Thanks to gracious Google Mobile team, I was able to play with Android for the last couple of weeks. Specifically with Motorola Droid. Here are some observations and comparisons in usability of iPhone OS vs Android OS.
I’ve been an iPhone user for the last 2 1/2 years, so I will not go into detail on what is good or bad about the iPhone. Let’s just assume it is a platform that I am very familiar with.
Android ended up being a very interesting experience. Immediate observation is that it was less intuitive to get going, definitely for an iPhone user. Gestures which I accustomed to, sometimes work and sometimes not. General feel of the screen, is a bit strange as well. It feels a little slicker than iPhone, but also more sensitive, which results in unintended clicks. Even my 10 year old, played with it for 2 minutes, and then started asking – how do I do this, how do I do that. Eventually I’ve let him figure it out on his own, but he was much quicker with an iPhone couple of years ago, when he was 8. That shows me – certain barrier on ease of use for a regular consumer.
I was generally impressed with configurability of Android. User is in control of many aspects of the OS, which is a breath of fresh air coming from an iPhone. Settings menu is much more organized than the iPhone, I have access to all kinds of Call and Network settings, Applications Settings etc. For example I found very useful to be able to see which services are running in the background on the phone, how much memory they consume and being able to control deep settings of those apps. That’s nice.
Typing was also an interesting experience. Droid has a physical keyboard, which I actually found to be quite annoying. I was constantly misspelling words, and since I was an avid Blackberry user, I can’t blame it solely on me being too used to an iPhone virtual keys. For some reason physical buttons on Droid don’t have a good feel to them, which makes typing a challenge. Virtual keyboard was actually even better than iPhone’s. I found “word suggestions” feature to be extremely useful – and my typing was actually faster.
Droid has 4 buttons on the bottom of the phone. I found it to be confusing. “Home” has the same functionality as iPhone’s one button, but then there is “contextual settings” button, and “search button” (which you can access through contextual one as well) and “back” button. I would much rather have Home button play the back function, by clicking it once, and serving the Home function by holding it for 2 sec. I would also remove the Search button and move contextual menu to the side of the phone.

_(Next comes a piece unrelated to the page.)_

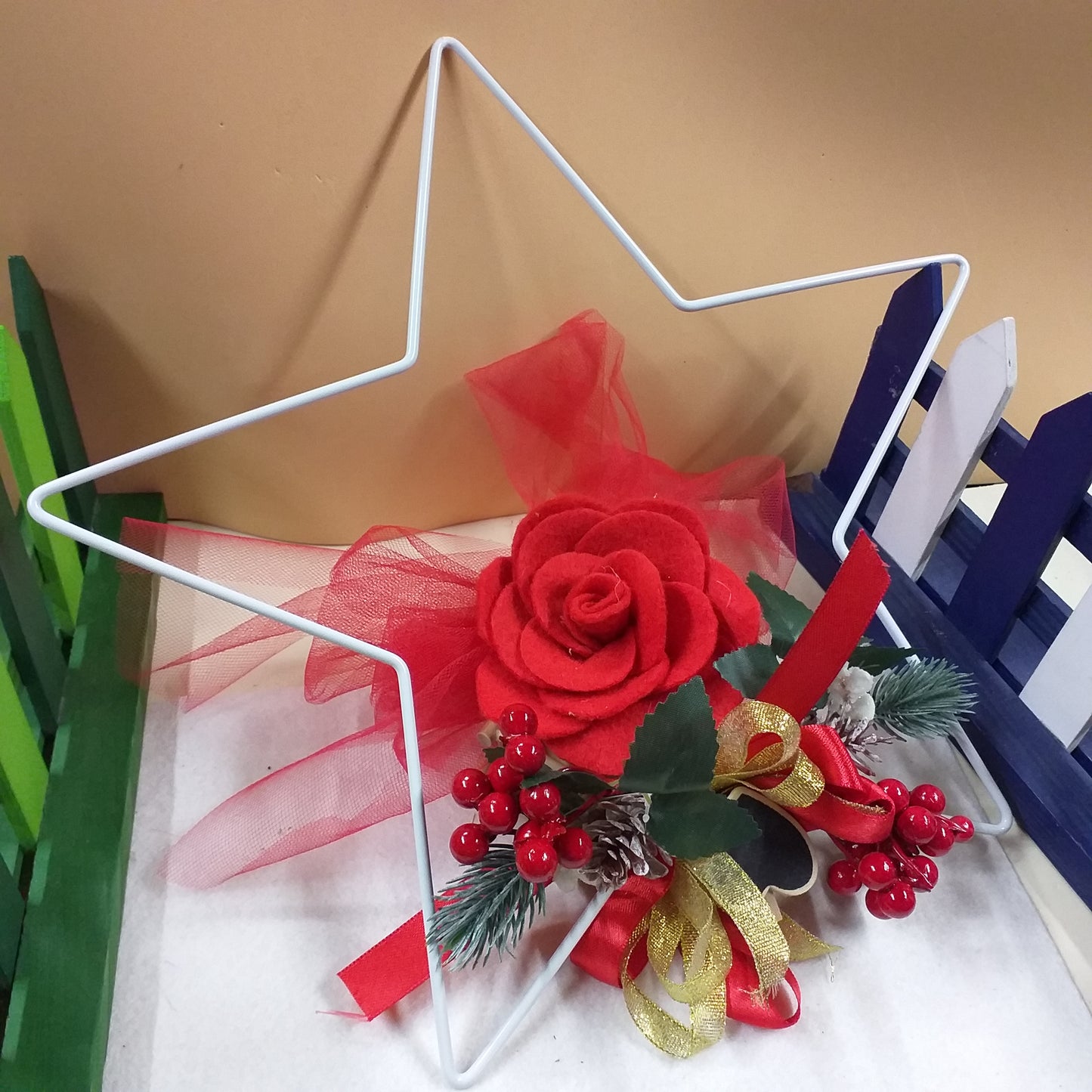 stella metallo ferro struttura base ghirlanda Natale idea fai da te creare composizione floreale fuoriporta o centrotavola con fiori feltro pannolenci pick bacche rosse pino pigne finti artificiali nastro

Downloaded apps are less organized on the Android. There is basically one space where all your apps are organized alphabetically. You need to work really hard to reorganize them. I find iPhone’s multiple app screens to be much better strategy in organization. Technically you can accomplish similar thing on the Android but its harder.
Integration with Google Voice is fantastic. Very easy – and it completely takes over the phone, if you choose to do so. I configured it to make all international calls using Google Voice and domestic using Verizon account – and it performs flawlessly and seamlessly, without me even thinking about it. Very nicely done.

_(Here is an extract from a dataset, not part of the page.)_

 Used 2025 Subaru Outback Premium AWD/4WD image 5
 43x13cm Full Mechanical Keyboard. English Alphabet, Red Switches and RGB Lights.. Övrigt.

Integration with Gmail is also very nice. It feel like you are using native Gmail browser based app. All same features, labels etc. Technically you can use browser based HTML5 Gmail on the iPhone, but it’s slower and clunkier than the native email app on Android.
Top bar on Android has all the notifications (new email, new update etc). You need to drag it down to see those. I find it actually to be not very intuitive and somewhat hard to do since it too thin. You can also get to notifications through contextual menu. I think iPhone implementation of little red dots showing updates for every app is much nicer UI.
Maps has built in navigation which works pretty well. In general Maps app looks sharper and clearer than the iPhone one.
Android’s Market (equivalent of iTunes app store) does not have near the variety of apps that iPhone has. I expect it to change rapidly, as developers will follow the platform which has growing number of users. With that I expect an app usage on the Android to be smaller than on iPhone. It just seems more intuitive to use an app on an iPhone and it seems just a bit harder and clunkier on the Android – which I believe will affect consumer behaviour.
Verizon service was definitely better than AT&T. It was more reliable, calls were not dropping, and it worked better in harder to reach places (like NYC subway).
All in all – Android is very impressive as a standalone platform. It feels less impressive, oh though solid as a competitor to an iPhone. The argument that its open – is fantastic to developers, but in my opinion, its somewhat mute to a regular consumer.
If you have an iPhone – my recommendation would be to stick with it. If you have an old phone, you should absolutely consider an Android based phone (but please, not on AT&T network, which is terrible).
If you are developing mobile apps – you should absolutely drive your team to develop for both platforms, as I believe Android will be very successful.